This example uses OpenCV to transform the image and Tesseract by Google to perform OCR on an image
import cv2
import pytesseract
from IPython.display import display
from PIL import Image
Then image is read into a numpy array using OpenCV:
fname = 'age.png'
img = cv2.imread(fname)
img = cv2.cvtColor(img, cv2.COLOR_BGR2RGB) # Converting BGR to RGB\
display(Image.fromarray(img))
The goal is to know what the villgers are doing which is displayed in the bottom right corner. To aid the ORC the image needs to be cropped and pre-processed. This processing converts the image to greyscale and applies a filter to remove the background, significantly reducing the noise in the image making OCR much easier.
crop = img[540:-135, 1260:]
gray = cv2.cvtColor(crop, cv2.COLOR_BGR2GRAY)
blur = cv2.GaussianBlur(gray, (3, 3), 0)
thresh = cv2.threshold(blur, 0, 255, cv2.THRESH_BINARY_INV + cv2.THRESH_OTSU)[1]

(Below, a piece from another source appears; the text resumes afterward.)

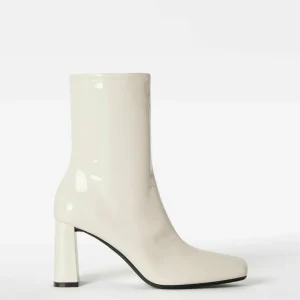 BERSHKA Patent Style Fitted – Boots À Talons – Off-White 15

display(Image.fromarray(thresh))
Finally pytesseract which is a Python wrapper for Tesseract can be used to perform ORC on the image. The ORC has been sucsessful with only one error mistaking the 'r' for a 'c' in Miner. On inspection of the cropped and processed image the r does look like a c to the human eye. Optimising the greyscale, blur and threshold paramiters may help to get a better image. Another option would be to crop the image to only the numbers.
data = pytesseract.image_to_string(thresh, lang='eng', config='--psm 6')
print(data)
Mince: 2 Lumberjack: 1 Hunter: 1 Forager: 1 Shepherds: 2
Sample usage:
types = ['Miner', 'Lumberjack', 'Hunter', 'Forager', 'Shepherds']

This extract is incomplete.